There's another post on HN several days back with similarly price Sipeed M1s that's based on the same Bouffalo Lab BL808 RISC-V SoC module including NPU providing support for WiFi/BL, 802.15.4 Zigbee connectivity and interfaces such as UART, I2C, SPI, etc:
AFAICT your home-grade wireless router / AP will start having trouble when you have dozens of Wi-Fi devices actively working in your home. ZigBee is somehow more resilient. It's also much lower energy, more comparable to Bluetooth, but much longer range: the sweet spot for smaller battery-powered devices.
OTOH I remember that ZigBee is somehow more buttoned-up than BT and even wi-fi, so it's not commonly seen on likes of ESP32 and other small MCUs.
I think zigbee is more "resilient" because it piggybacks off all the other zigbee devices via mesh instead of each device talking to the central router.
Zigbee is also far lower data rate than even first-gen WiFi, which makes it more resilient. Radio protocols are usually a compromise between 1) range 2) power efficiency 3) throughput 4) robustness. Zigbee prioritizes 2, achieves 1 through meshing, 4 through error correction and other stuff, and mostly writes off 3. Point being it's not just meshing doing the work here, it is overall designed differently from Wifi and tuned for the purpose in multiple ways.
Note that 802.11 (original) is specified with 50% error correction at MCS 1 aka 1 Mbit/second rate. That is, for 1000 bits transmitted, 500 were data, and 500 were error correction. (Plus all the error detection codes like CRC32 on top of that).

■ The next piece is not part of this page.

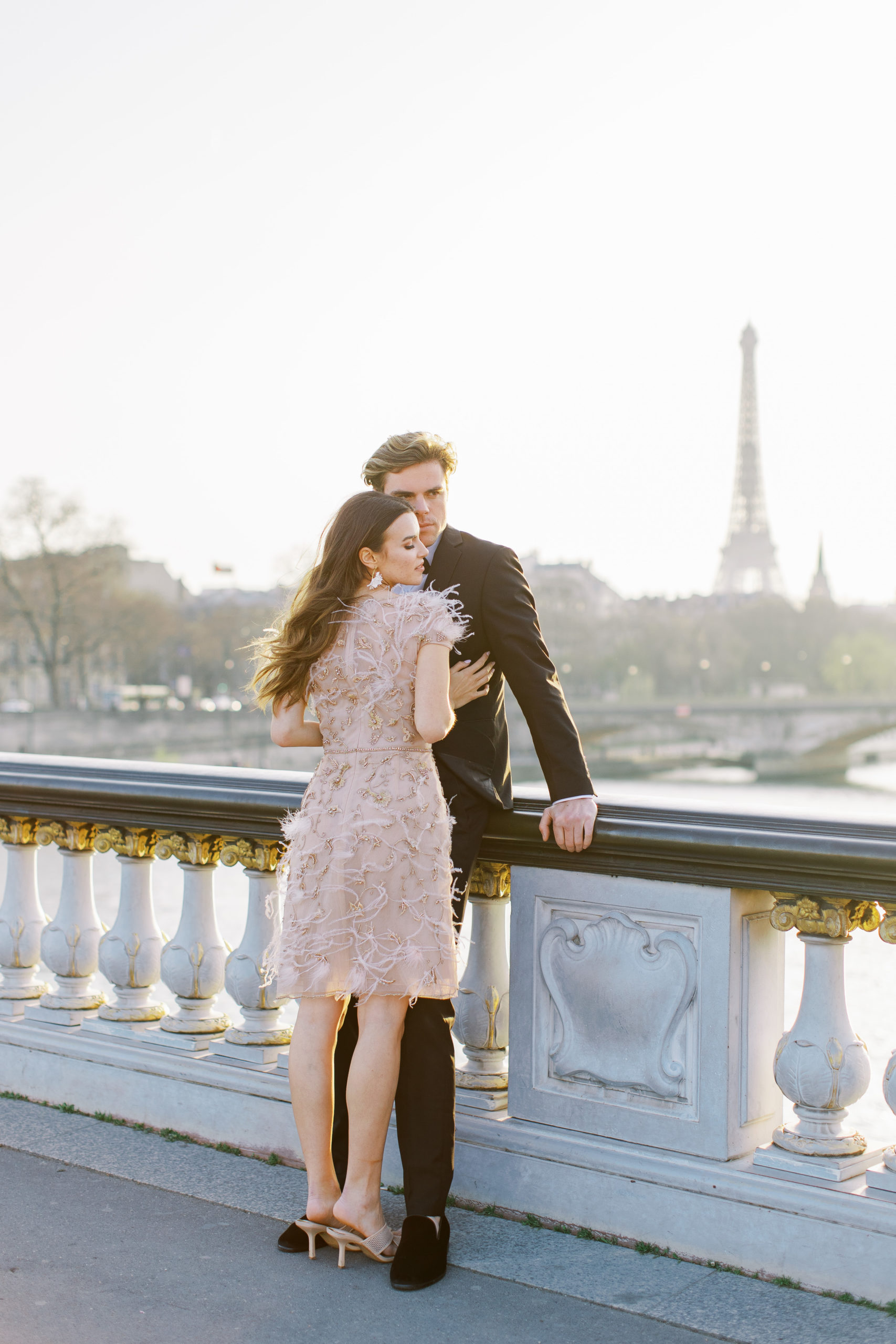Couple embracing against bridge with Eiffel Tower in background for Sunset Paris Engagement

This is a good example of tradeoffs: slower and less throughput, but way more robustness.
Higher MCS levels of 802.11 cut down on error correction to 25% or 10%, achieving more throughput but less robustness.
I dunno how Zigbee does it, but I assume it has more error correction at slower (ie: more reliable) speeds than even WiFi MCS 1.
You don't need to connect dozens of devices. Esp32 can communicate as a server or a client so you can directly connect them without getting the router involved.
There's a protocol called ESP MESH, with which multiple ESP32 (and ESP8266) can talk to each other.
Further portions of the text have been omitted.